== PROBLEM STATEMENT ==
Please give back the listing exactly, without any of its pictures.
DATASET RECORDS Block Start
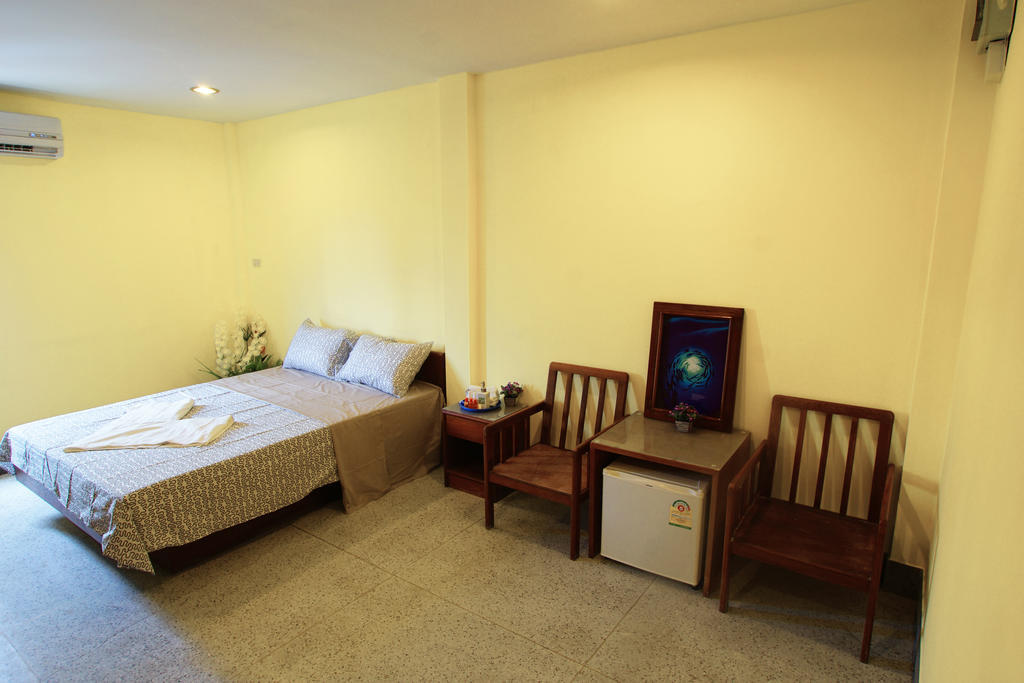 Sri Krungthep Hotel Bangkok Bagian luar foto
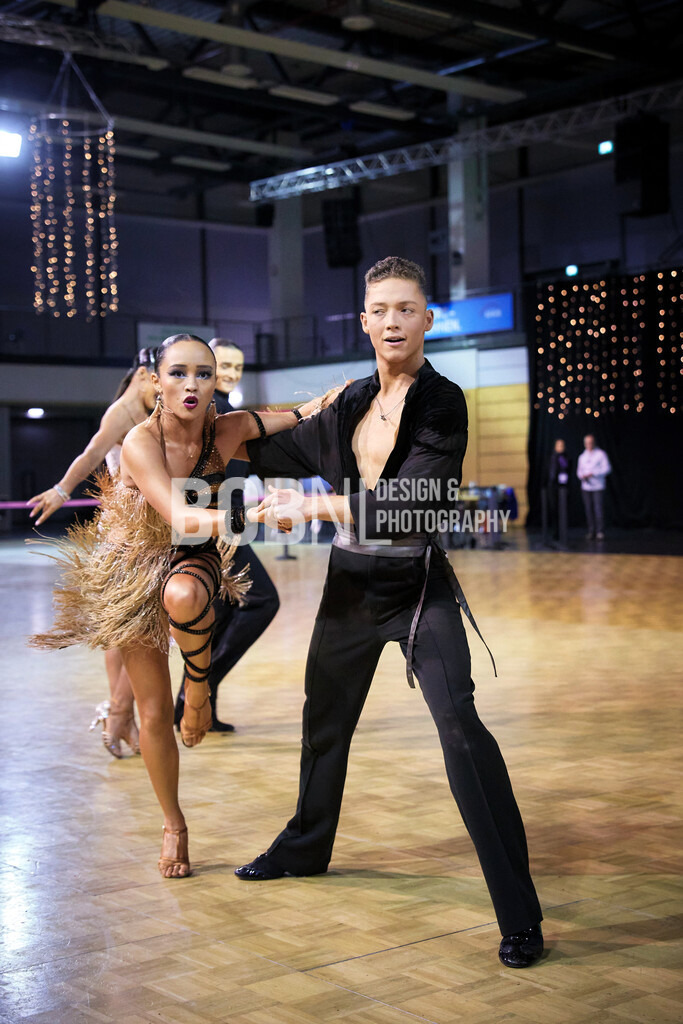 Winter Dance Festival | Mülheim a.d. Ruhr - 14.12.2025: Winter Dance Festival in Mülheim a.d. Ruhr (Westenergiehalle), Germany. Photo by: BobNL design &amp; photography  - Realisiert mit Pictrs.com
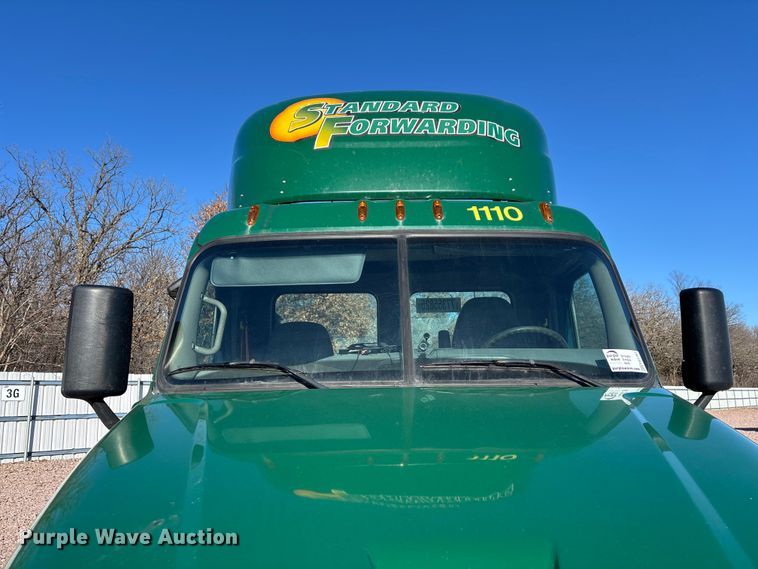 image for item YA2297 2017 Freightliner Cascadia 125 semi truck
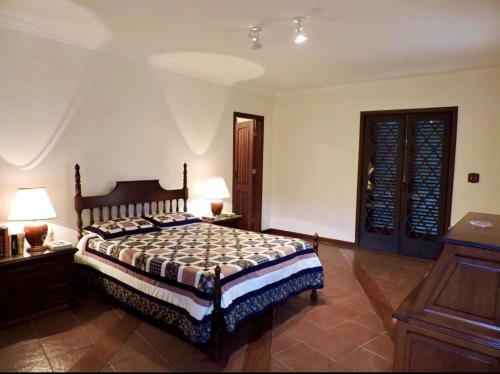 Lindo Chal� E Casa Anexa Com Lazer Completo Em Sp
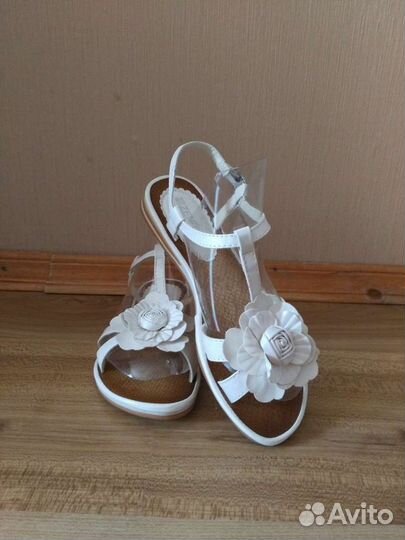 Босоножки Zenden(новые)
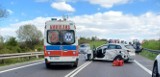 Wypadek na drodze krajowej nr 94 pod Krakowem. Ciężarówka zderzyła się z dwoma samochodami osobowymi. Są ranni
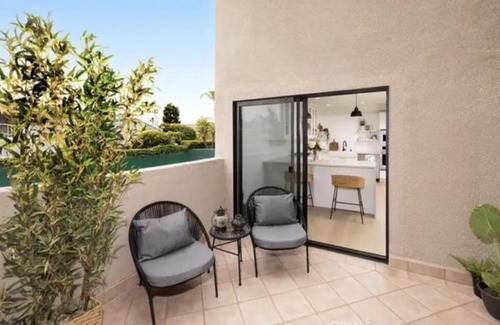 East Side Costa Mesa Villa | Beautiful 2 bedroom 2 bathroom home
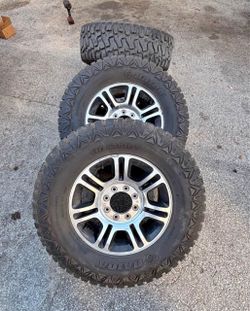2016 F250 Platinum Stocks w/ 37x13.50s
DATASET RECORDS Block End
== RESULT OF THIS EXERCISE ==
 Sri Krungthep Hotel Bangkok Bagian luar foto
 Winter Dance Festival | Mülheim a.d. Ruhr - 14.12.2025: Winter Dance Festival in Mülheim a.d. Ruhr (Westenergiehalle), Germany. Photo by: BobNL design &amp; photography  - Realisiert mit Pictrs.com
 image for item YA2297 2017 Freightliner Cascadia 125 semi truck
 Lindo Chal� E Casa Anexa Com Lazer Completo Em Sp
 Босоножки Zenden(новые)
 Wypadek na drodze krajowej nr 94 pod Krakowem. Ciężarówka zderzyła się z dwoma samochodami osobowymi. Są ranni
 East Side Costa Mesa Villa | Beautiful 2 bedroom 2 bathroom home
2016 F250 Platinum Stocks w/ 37x13.50s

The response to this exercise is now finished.